Sales fall at Argos and Homebase
Home Retail Group, the owner of Argos and Homebase, has reported that sales fell at both companies over the Christmas period.
Like-for-like sales at the Argos catalogue chain declined 8.8% in the 18 weeks to the end of 2011 while gross margins fell by 50 basis points. Total sales at Argos decreased by 7.8% to £1.72 billion.
Argos said sales had been hit by a weak consumer electronics market, in particular video gaming and audio, although laptops and tablets remained strong performers.
The retailer’s gross margin decline was driven by the anticipated adverse impact of shipping rates together with an increased level of promotional investment.
The group said there would be a number of Argos store closures in the remainder of the financial year as leases reached their expiry date. This would result in the store portfolio being marginally down at the end of this financial year from the 751 stores at the start of the year.

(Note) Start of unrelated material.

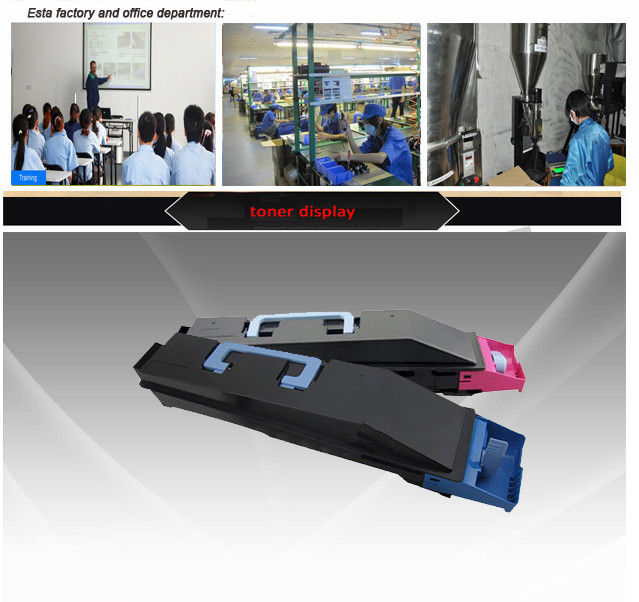 Compatible Color Laser Toner Taskalfa 250ci / 300ci Tk 865 for Kyoceras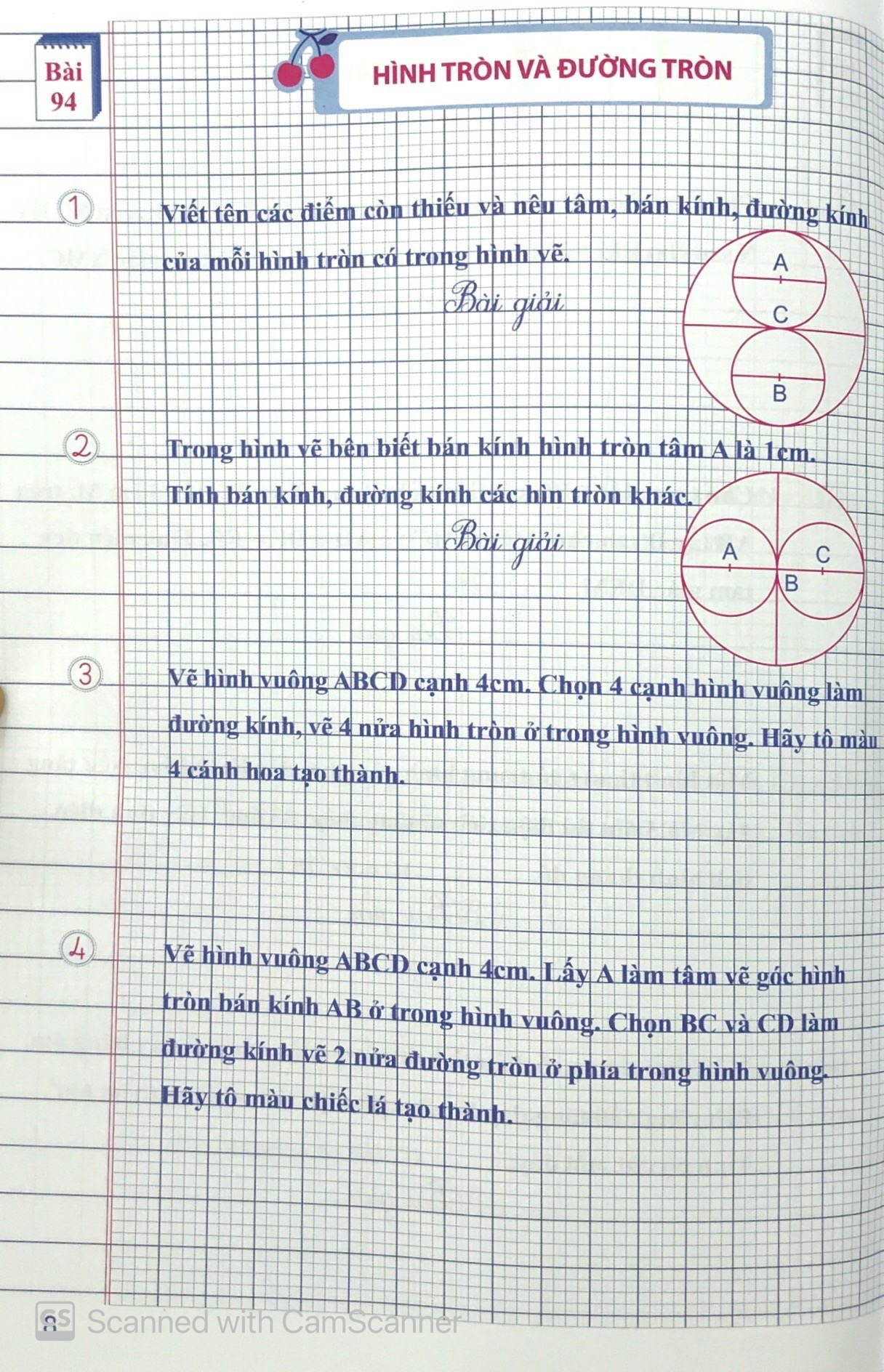 vở ô luyện tập toán lớp 5 - quyển 2 - Ảnh 8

Total sales at DIY retailer Homebase declined by 2.5% to £475 million in the period while like-for-like sales fell 2.6%. Big ticket item sales were down while sales in Homebase’s other categories were broadly flat. The gross margin rate increased by approximately 25 basis points from the previous year.
The group said it would close its UK homewares trial format, HomeStore&More, at the end of February 2012 with closure costs amounting to £10illion.
Terry Duddy, chief executive of Home Retail Group, commented: “In a trading environment that has been both volatile and demanding, Homebase has again seen more resilient sales. Argos sales continue to be impacted by the market decline in consumer electronics categories, however we saw internet penetration reach over 40% of total sales, with Check & Reserve being boosted by the development of mobile commerce as customers embrace our leading multi-channel proposition.
“We have managed the business tightly over the peak trading period and expect Group benchmark profit before tax for this financial year to be around the mid-point of the current analyst range of £78 million to £125 million.”
The group said it anticipated a significant cut in the full year dividend for the current financial year.